Used to analyze statistics on large collection containing PII.
Data Tokenization
Replace a sensitive data element with a token, a random value with shape and form of original. A tokenization application maps between the tokens and actual values. Needs a second database.
PCI DSS requires either encryption or tokenization of PII and card data.
Bit Splitting
Encrypt, split ciphertext and key across storage locations. With redundancy, your data survives individual drive failures, or seizures of some media by law enforcement.
Generate a random 256-bit key, encrypt your data with AES-CBC. For each 8-bit block of the ciphertext and the key, store:
- Bits 123456 at cloud #1
- Bits 345678 at cloud #2
- Bits 125678 at cloud #3
- Bits 123478 at cloud #4
You could reassemble the ciphertext and key with the data from any two clouds. That's all you need to understand for the test.
In the real world, each data center and its corporate headquarters would have to be in a separate country. And in the really real world with the US CLOUD Act, no more than one could be in the U.S. or another Five Eyes country, or any other country where the U.S. has strong influence. Chile, South Africa, India, and Singapore might work, as long as the cloud providers have their headquarters in those countries.
More advanced, possible but less likely to appear:
- SSMS (Secret Sharing Made Short) — encrypt data, use IDA (information dispersal algorithm) to split the data into fragments using erasure coding. Split the key, sign and distribute fragments of ciphertext and key to different cloud storage services. User must have m out of n fragments of data and key.
- AONT-RS (All-Or-Nothing Transform with Reed-Solomon) — similar approach
Quantum Science
Quantum computing is offensive, a threat to break ciphers and expose secrets.
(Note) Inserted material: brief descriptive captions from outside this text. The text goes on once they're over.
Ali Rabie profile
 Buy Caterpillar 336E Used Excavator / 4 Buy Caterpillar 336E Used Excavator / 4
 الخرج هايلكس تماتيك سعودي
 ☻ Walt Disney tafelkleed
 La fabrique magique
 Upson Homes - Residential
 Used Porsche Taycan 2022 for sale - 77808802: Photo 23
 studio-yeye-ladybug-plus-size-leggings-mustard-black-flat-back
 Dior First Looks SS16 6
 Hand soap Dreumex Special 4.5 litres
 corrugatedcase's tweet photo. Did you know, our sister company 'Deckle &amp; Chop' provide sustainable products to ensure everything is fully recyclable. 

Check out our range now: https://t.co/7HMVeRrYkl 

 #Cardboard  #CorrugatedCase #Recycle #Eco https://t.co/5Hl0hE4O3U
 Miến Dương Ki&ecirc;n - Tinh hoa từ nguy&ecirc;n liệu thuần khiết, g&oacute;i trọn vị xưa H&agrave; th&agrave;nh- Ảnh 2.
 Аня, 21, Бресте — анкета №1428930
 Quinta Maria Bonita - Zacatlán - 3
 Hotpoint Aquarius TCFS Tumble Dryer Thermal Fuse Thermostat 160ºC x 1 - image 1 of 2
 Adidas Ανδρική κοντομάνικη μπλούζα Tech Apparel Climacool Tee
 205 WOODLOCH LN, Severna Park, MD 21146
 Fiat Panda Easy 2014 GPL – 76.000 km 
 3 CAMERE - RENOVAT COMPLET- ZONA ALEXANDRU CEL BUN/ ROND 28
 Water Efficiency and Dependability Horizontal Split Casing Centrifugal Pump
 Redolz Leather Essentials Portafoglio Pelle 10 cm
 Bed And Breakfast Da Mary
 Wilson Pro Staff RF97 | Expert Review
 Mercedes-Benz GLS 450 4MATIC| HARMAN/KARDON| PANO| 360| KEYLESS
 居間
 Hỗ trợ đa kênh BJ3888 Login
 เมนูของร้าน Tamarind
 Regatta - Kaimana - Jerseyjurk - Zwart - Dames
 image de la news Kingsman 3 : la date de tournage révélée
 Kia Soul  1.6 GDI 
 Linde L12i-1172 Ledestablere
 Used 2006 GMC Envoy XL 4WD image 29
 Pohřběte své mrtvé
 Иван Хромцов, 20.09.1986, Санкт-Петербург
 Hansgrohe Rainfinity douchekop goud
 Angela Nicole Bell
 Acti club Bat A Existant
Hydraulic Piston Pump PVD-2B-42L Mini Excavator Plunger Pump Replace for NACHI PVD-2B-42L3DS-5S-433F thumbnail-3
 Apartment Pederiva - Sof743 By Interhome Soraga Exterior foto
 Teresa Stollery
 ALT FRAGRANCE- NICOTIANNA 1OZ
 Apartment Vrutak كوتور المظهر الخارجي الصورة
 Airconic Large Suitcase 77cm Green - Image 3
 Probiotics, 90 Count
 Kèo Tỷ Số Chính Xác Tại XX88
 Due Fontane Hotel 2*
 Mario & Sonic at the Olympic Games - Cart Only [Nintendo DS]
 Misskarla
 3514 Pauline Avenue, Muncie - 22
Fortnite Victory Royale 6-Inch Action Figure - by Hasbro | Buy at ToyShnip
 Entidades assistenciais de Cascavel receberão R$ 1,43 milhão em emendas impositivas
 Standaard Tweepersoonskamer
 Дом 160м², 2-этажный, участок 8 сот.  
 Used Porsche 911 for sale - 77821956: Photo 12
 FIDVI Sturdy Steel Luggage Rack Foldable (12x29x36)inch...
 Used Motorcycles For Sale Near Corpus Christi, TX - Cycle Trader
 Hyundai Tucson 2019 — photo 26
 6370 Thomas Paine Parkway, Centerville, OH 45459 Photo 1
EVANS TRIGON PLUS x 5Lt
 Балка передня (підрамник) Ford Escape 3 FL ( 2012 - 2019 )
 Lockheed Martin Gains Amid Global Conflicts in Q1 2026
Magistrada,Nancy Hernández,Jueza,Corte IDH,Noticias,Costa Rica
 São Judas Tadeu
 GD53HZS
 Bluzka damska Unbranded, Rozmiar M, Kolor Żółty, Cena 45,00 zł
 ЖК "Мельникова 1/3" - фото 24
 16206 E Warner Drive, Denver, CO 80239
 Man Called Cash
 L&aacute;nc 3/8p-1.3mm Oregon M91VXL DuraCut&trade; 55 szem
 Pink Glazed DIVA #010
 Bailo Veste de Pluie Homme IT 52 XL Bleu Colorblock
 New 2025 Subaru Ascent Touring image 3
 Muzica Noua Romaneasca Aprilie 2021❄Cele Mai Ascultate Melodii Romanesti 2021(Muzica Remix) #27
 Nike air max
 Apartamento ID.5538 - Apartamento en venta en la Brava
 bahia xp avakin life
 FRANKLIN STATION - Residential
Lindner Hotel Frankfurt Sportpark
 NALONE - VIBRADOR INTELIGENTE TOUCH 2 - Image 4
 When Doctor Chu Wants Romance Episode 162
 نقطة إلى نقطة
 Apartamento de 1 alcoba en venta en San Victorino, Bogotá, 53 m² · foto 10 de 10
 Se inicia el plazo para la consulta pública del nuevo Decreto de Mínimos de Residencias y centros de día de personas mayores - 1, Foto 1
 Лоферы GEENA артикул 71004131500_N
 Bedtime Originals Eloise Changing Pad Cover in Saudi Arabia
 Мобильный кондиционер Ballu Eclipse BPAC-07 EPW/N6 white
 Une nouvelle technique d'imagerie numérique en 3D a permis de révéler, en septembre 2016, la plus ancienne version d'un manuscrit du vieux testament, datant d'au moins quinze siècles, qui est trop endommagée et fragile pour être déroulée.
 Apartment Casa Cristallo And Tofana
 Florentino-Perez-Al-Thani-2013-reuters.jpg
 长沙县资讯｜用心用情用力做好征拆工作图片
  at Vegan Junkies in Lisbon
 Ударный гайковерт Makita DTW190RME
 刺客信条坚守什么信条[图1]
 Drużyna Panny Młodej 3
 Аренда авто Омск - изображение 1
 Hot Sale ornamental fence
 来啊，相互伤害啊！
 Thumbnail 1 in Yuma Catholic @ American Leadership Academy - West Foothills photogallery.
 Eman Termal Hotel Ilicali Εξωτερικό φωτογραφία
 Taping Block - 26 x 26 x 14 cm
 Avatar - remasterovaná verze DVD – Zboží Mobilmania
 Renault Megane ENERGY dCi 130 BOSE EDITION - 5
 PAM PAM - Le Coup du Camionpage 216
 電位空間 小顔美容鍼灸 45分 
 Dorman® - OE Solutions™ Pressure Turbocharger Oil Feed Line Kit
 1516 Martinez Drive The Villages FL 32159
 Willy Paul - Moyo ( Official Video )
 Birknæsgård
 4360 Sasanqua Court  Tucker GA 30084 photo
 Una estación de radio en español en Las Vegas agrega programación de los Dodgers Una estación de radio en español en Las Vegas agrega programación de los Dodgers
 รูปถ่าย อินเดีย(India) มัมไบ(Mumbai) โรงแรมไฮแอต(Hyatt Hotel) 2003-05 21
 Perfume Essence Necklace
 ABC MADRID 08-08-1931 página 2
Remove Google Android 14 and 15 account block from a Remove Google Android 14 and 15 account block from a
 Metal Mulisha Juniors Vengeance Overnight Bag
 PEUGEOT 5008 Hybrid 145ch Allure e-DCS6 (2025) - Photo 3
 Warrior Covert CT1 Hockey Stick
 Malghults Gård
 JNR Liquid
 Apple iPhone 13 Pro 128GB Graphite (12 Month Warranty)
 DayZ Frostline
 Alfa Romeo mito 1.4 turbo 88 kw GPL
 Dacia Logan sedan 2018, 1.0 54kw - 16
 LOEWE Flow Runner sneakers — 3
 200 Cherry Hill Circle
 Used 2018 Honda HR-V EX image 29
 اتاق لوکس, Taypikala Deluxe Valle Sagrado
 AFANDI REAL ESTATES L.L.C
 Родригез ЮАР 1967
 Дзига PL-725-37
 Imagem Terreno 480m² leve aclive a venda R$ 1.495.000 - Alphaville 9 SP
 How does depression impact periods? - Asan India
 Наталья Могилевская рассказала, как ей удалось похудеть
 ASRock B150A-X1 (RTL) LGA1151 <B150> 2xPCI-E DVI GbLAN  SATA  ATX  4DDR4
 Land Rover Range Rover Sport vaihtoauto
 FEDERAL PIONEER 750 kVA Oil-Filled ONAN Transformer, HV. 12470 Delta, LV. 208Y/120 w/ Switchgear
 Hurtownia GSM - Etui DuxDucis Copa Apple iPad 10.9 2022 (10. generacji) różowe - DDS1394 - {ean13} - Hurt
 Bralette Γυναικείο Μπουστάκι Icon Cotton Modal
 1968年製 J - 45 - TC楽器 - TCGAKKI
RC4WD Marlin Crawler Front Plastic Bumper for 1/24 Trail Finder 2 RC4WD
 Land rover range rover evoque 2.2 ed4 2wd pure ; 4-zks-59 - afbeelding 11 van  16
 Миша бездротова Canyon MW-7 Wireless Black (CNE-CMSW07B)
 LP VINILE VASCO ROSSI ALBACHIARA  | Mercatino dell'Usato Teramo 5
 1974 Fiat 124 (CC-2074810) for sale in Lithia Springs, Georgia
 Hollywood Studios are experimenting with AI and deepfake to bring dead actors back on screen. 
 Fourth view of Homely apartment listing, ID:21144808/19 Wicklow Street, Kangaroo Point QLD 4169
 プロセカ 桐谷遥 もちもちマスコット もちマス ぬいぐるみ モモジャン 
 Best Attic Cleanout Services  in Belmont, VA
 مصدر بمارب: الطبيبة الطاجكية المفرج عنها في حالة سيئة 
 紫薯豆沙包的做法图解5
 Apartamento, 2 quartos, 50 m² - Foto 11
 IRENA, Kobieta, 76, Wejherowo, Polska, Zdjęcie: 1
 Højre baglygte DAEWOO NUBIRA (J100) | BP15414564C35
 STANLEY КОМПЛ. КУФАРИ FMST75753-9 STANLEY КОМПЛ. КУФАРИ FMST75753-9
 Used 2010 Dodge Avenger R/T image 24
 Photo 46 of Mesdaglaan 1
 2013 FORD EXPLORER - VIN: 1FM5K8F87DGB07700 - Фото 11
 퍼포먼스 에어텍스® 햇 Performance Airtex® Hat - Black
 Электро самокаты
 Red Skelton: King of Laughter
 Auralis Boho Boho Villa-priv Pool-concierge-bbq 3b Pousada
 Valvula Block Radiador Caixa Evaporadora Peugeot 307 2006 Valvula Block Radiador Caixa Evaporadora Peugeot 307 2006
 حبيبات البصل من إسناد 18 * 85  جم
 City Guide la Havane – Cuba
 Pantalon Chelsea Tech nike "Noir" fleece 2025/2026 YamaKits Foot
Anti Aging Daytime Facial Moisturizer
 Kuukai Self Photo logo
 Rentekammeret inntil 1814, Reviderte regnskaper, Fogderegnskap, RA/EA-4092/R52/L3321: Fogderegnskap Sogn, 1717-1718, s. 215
A truly general-purpose quantum computer with enough stable qubits could run Shor's algorithm to quickly solve the now "too difficult" problems that protect asymmetric ciphers — factoring for RSA and discrete logarithm for ECC. Symmetric ciphers should (as far as we currently understand) be relatively safe, Grover's algorithm reduces a 256-bit cipher to the resistance of a 128-bit cipher against brute-force search.
Quantum cryptography is defensive, to protect secrets. It's really about QKD or Quantum Key Distribution, using single-photon signaling to transmit a key to be used in a conventional symmetric cipher. China is a world leader in this, see one of my "Just Enough Cryptography" pages for details on the Chinese quantum Internet.
Responsibility depending on type of cloud service
IaaS | PaaS | SaaS | |
Security GRC (Governance, Risk, and Compliance) |
Enterprise | Enterprise | Enterprise |
Data Security | Enterprise | Enterprise | Enterprise |
Application Security | Enterprise | Enterprise | Shared |
Platform Security | Enterprise | Shared | CSP |
Infrastructure Security | Shared | CSP | CSP |
Physical Security | CSP | CSP | CSP |
Shared because:
- IaaS — Provider hosts images, their standard offerings plus whatever you create and store. You maintain your virtual machines.
- PaaS — Provider maintains run-time libraries (Java, Python, PHP, Perl, .NET, etc) and the development environment. You create the code and back up your software.
- SaaS — Provider maintains the application. You provision users, possibly configure application options, and train users to use the application carefully.